Sometimes you end up visiting sites you never thought you would – sites that are off of the beaten track. It might be that you see a road sign that grabs your attention and you make a detour, you happen upon a site when you are in an area for another purpose, or that a trip is arranged for you to a place you had never thought of visiting. Last autumn I was lucky enough to make such a trip to Fort St. James National Historic Site in the heart of the province of British Columbia.

Parks Canada Red Chairs overlooking Stuart Lake

Fort St. James NHS is on the edge of the small town of Fort Saint James where the southern shore of Stuart Lake meets the Stuart River. When Simon Fraser and John Stuart established the fort in 1806 for the North West Company the surrounding area was known as New Caledonia. The view over the lake from the fort is stunning and there are extensive forested hiking trails in the surrounding area to explore. From the site’s Visitor’s Centre you can walk through the wooden palisade wall and into the fort or you can walk outside the palisade along the lake’s edge. Once inside the walls there is a lot to do: investigate the historic objects on display in the buildings, listen to the costumed interpreters, see the baby goats and bunnies, or take your chances at the Chicken Races.

The Trade Store

The site boasts the largest Canadian collection of restored original wooden buildings from the height of the fur trade. The Fish Cache and Fur Warehouse are particularly significant examples of 19th century buildings typical of the fur industry in the region.  Also within the palisade walls are the Hide Tanning Shed, Dairy, Murray House, Men’s House, Trade Store and General Warehouse. Not to be overlooked is the Commemoration Café – where you are guaranteed a delicious lunch (I recommend the ribs – but have a small breakfast). The five historic buildings and other reconstructed building are under regular monitoring and maintenance to combat the effects of time and conserve them for future generations to enjoy.

Costumed Interpreters raising the HBC flag (image courtesy of FSJ)

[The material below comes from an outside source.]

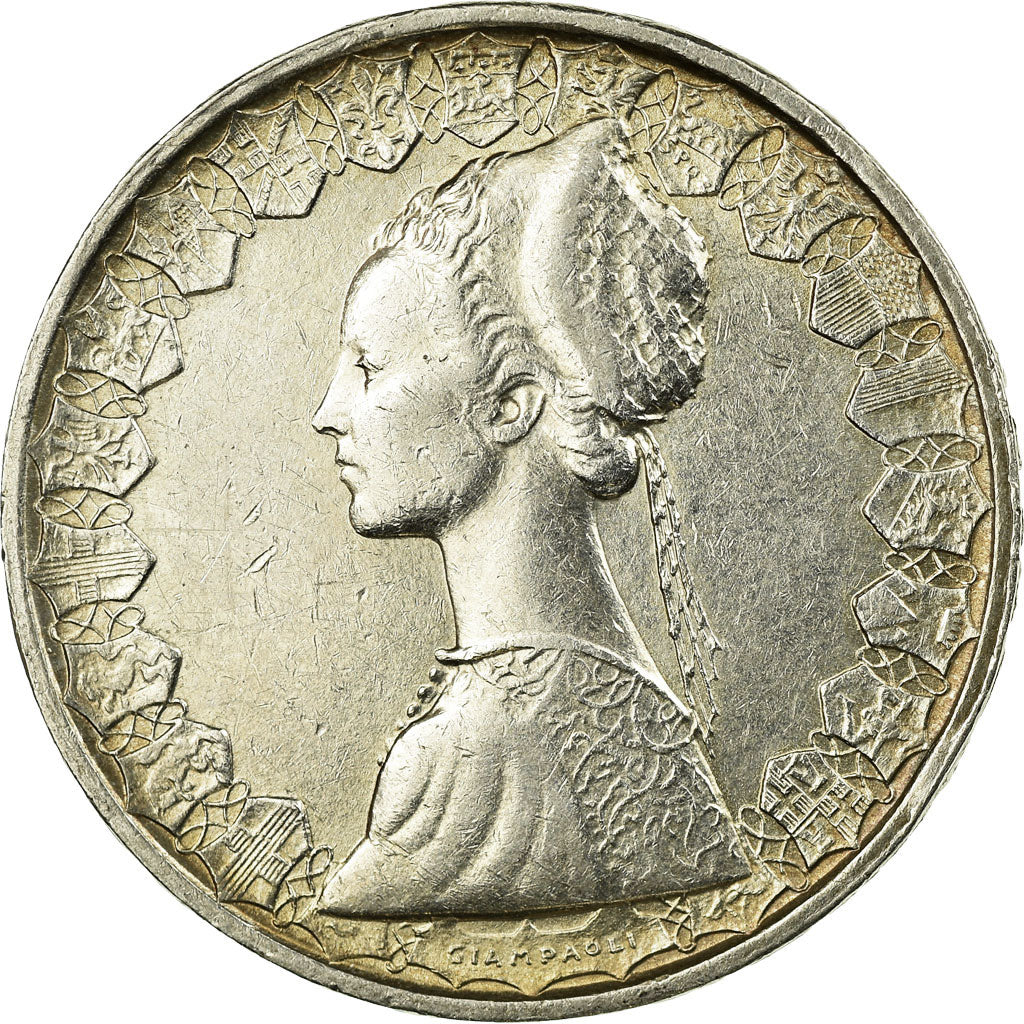 Coin, Italy, 500 Lire, 1958, Rome, EF(40-45), Silver, KM:98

In 1948 the fort was declared a National Historic Site – even though it was still in operation as a trading post until 1952! A large Hudson’s Bay Company flag flies above the site reminding you of the economic impetus that fueled its’ foundation and longevity. Restoration based on historical and archaeological research began in earnest in the 1970’s and presents the site as a snapshot in time of what it would have been like at the end of the 1800’s. The current Parks Canada Site Manager, Bob Grill, has been working at Fort St. James since 1975 and has literally helped to reconstruct the site to what we see today. When you visit you are surrounded by the physical record of the fur trade of the Pacific Slope of Canada – a historically significant centre of trade, transportation and cultural interaction.

Inside Murray House

Fort St. James exhibits the historic activities and objects of the fur traders as well as the Indigenous groups who have ties to the location and region. Indigenous partners provide advice on site management and Indigenous Interpreters interact with site visitors in the Hide Tanning Shed in the fort itself. In addition to touring the historic structures of the fort, visitors can explore the exhibits in the Visitor Centre to get more detailed information about the site and the historically significant people who have a page in the story of the region. If you are looking for a truly immersive experience you can stay in the officer’s dwelling (Murray House) or the Men’s House – among the historic artefacts and alone in the 19th century fort all night!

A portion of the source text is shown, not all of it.